◆ What you need to do
Only the closing portion of the entries is to be reproduced: the line containing "St. John Zipper Jacket" through the very last line, exactly as written.

◆ Supplied records
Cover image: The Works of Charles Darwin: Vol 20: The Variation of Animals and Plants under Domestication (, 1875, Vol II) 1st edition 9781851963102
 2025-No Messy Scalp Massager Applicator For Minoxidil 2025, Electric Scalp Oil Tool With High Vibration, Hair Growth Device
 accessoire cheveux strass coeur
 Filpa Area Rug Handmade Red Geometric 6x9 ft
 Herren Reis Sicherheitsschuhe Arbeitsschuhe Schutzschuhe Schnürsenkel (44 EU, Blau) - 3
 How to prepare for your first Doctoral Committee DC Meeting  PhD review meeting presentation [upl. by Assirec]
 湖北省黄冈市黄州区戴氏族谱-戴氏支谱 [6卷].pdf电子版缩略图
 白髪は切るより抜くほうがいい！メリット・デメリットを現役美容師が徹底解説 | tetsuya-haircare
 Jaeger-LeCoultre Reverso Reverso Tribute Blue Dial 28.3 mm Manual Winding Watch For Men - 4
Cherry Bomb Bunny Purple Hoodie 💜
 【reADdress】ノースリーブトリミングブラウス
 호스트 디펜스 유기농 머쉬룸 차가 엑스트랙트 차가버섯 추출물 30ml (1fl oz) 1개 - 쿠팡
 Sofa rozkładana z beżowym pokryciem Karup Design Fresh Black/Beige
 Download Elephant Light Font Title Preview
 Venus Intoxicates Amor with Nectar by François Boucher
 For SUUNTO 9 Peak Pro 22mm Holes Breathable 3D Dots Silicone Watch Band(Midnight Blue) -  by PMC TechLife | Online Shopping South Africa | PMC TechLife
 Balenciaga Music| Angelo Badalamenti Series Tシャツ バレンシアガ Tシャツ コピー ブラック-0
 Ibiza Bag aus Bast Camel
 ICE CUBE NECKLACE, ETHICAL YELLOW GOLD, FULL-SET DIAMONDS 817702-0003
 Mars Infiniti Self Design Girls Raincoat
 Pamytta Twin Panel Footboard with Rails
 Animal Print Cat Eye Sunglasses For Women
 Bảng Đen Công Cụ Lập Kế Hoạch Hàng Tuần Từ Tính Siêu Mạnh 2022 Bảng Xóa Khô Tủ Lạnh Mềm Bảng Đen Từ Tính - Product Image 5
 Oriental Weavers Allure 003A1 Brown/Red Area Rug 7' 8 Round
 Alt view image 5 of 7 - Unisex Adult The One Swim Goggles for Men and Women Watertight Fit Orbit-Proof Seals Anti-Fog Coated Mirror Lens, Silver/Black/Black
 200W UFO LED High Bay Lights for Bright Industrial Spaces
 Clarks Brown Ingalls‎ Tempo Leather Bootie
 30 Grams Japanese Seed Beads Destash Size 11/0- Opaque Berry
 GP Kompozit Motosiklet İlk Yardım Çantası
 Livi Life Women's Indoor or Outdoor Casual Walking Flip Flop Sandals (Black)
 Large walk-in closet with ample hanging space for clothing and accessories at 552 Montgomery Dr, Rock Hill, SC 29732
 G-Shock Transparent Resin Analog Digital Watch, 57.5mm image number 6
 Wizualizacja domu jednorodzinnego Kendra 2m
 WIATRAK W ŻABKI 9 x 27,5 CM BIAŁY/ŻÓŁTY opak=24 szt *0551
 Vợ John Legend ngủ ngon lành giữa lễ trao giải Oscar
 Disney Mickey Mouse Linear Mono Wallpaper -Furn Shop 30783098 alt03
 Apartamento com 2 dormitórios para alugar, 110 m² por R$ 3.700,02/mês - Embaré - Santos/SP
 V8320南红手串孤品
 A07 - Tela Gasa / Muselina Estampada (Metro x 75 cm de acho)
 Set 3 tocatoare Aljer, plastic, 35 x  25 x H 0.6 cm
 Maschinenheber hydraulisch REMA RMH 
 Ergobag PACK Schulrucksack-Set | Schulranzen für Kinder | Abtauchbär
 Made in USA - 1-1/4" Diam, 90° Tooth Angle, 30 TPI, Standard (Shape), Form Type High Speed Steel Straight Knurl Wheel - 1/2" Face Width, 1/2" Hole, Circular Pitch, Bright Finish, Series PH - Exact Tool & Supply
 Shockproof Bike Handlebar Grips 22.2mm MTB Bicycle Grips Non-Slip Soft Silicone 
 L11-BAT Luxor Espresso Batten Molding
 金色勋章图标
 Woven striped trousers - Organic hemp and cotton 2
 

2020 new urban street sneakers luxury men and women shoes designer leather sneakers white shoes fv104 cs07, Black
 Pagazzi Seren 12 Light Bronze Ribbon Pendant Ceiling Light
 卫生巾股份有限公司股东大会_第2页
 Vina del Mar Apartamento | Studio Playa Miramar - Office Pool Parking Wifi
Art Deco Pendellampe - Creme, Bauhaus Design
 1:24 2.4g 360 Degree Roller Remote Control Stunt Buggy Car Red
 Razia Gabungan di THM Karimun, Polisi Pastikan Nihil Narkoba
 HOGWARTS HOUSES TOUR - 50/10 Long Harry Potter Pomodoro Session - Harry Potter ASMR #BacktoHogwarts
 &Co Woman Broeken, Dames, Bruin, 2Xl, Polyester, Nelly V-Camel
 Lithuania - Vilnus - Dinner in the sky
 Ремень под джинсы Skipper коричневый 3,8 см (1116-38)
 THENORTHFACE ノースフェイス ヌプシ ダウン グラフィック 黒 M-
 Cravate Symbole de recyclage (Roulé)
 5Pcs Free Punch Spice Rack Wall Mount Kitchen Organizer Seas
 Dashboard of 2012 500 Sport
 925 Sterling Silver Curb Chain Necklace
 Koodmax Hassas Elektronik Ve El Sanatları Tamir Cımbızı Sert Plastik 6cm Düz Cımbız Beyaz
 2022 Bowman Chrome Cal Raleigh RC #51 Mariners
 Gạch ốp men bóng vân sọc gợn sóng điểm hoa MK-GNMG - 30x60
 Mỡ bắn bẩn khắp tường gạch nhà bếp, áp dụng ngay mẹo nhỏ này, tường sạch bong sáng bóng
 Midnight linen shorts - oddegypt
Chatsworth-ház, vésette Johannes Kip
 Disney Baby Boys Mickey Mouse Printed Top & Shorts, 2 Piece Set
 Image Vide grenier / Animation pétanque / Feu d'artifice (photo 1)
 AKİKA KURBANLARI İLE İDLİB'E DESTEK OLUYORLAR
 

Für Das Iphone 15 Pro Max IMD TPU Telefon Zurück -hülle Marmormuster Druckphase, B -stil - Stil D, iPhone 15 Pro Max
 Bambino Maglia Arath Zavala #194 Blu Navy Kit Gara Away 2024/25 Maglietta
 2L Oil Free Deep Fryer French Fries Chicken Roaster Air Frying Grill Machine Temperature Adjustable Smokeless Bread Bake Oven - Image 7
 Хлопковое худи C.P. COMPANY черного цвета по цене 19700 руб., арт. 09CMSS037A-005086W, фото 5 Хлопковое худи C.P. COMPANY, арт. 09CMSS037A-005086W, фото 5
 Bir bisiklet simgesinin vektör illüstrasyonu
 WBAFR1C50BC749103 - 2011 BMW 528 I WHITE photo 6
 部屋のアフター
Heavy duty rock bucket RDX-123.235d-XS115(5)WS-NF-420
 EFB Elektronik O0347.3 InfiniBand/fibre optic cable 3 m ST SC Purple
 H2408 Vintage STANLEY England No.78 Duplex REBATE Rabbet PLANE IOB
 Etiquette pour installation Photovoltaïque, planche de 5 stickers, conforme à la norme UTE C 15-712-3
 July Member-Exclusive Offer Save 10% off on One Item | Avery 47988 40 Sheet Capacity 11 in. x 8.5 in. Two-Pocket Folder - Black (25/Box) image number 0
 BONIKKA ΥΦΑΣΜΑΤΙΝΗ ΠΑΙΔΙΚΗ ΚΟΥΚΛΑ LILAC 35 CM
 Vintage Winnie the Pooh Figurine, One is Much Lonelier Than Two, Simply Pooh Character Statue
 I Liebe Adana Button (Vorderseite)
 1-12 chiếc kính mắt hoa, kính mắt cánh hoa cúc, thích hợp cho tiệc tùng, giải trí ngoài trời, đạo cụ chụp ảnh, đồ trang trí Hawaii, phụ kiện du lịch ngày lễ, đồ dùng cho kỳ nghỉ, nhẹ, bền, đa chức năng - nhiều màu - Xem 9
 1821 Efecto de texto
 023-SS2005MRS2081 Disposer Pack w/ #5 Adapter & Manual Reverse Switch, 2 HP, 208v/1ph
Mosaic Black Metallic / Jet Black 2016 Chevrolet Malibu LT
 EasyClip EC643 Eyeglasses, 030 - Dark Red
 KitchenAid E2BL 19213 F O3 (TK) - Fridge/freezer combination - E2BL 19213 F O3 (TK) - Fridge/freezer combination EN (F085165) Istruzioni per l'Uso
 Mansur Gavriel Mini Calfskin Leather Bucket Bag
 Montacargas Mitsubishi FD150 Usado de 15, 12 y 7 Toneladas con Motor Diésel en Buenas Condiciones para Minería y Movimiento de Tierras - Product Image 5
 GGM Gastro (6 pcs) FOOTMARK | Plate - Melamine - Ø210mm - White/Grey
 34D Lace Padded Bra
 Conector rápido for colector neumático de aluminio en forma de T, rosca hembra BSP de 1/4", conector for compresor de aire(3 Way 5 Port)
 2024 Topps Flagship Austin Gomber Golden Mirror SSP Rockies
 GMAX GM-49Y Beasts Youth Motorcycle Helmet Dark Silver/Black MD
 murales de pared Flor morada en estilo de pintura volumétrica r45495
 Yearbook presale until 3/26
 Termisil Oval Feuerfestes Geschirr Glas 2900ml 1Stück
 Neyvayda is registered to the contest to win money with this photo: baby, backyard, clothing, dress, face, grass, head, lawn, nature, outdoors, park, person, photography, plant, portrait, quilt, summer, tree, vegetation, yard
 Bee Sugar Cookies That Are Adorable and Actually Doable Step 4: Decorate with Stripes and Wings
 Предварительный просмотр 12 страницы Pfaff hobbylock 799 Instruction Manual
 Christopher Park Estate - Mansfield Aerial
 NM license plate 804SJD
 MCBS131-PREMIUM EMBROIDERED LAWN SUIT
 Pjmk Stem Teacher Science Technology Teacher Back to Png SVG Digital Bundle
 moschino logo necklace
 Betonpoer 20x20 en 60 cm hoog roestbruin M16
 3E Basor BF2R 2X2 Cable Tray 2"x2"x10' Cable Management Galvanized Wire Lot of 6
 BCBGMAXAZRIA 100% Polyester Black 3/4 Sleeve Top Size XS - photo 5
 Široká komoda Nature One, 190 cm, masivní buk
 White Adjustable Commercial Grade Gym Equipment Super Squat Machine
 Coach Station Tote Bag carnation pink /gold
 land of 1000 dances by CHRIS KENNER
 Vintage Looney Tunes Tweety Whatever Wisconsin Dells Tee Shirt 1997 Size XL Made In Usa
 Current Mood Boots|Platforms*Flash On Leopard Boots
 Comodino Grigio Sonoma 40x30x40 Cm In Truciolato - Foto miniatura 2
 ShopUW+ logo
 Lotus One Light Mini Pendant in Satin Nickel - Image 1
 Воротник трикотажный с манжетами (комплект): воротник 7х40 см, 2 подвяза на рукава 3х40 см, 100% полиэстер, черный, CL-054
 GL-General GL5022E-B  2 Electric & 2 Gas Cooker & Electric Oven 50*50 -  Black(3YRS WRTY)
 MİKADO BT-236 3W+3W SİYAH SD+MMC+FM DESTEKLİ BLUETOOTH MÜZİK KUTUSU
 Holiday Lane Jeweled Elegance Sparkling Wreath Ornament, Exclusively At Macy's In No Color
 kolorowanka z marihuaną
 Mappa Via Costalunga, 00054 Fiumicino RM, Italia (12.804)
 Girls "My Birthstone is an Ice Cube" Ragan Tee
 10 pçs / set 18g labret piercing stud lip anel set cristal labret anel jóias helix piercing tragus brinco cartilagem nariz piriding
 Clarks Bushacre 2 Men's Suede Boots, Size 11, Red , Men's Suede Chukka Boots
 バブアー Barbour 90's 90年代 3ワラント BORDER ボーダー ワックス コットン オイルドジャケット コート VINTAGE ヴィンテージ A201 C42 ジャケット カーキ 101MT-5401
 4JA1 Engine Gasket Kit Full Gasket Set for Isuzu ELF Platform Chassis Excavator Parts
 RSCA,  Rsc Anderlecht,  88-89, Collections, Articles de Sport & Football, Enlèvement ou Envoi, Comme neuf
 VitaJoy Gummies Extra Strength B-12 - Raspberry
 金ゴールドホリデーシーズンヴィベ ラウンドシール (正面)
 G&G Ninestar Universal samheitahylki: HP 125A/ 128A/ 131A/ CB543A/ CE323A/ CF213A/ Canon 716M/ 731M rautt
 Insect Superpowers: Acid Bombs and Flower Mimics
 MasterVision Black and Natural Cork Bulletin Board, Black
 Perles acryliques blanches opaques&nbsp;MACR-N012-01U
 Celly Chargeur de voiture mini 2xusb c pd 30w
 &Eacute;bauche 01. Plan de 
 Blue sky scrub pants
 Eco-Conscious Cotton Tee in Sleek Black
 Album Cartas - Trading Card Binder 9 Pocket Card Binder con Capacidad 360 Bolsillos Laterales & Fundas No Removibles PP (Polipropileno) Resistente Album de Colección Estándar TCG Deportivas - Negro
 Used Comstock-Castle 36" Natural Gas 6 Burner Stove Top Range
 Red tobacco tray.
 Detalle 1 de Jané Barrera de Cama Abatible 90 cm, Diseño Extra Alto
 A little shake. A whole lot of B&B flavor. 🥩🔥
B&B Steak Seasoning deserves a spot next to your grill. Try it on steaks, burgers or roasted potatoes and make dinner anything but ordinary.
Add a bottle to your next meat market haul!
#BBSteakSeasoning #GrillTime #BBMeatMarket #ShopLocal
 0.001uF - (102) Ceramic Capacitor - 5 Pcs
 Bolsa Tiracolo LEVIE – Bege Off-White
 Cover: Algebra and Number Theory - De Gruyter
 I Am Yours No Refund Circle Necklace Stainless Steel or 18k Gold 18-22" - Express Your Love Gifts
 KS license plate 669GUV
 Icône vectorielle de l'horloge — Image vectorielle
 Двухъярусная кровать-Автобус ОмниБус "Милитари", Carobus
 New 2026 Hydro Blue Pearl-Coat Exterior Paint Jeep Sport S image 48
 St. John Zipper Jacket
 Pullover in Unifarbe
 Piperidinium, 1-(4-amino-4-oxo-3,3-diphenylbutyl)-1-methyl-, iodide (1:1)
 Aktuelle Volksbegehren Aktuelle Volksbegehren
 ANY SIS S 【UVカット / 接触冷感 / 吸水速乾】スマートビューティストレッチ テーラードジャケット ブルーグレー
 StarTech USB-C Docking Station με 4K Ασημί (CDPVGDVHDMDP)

◆ Written answer
 St. John Zipper Jacket
 Pullover in Unifarbe
 Piperidinium, 1-(4-amino-4-oxo-3,3-diphenylbutyl)-1-methyl-, iodide (1:1)
 Aktuelle Volksbegehren Aktuelle Volksbegehren
 ANY SIS S 【UVカット / 接触冷感 / 吸水速乾】スマートビューティストレッチ テーラードジャケット ブルーグレー
 StarTech USB-C Docking Station με 4K Ασημί (CDPVGDVHDMDP)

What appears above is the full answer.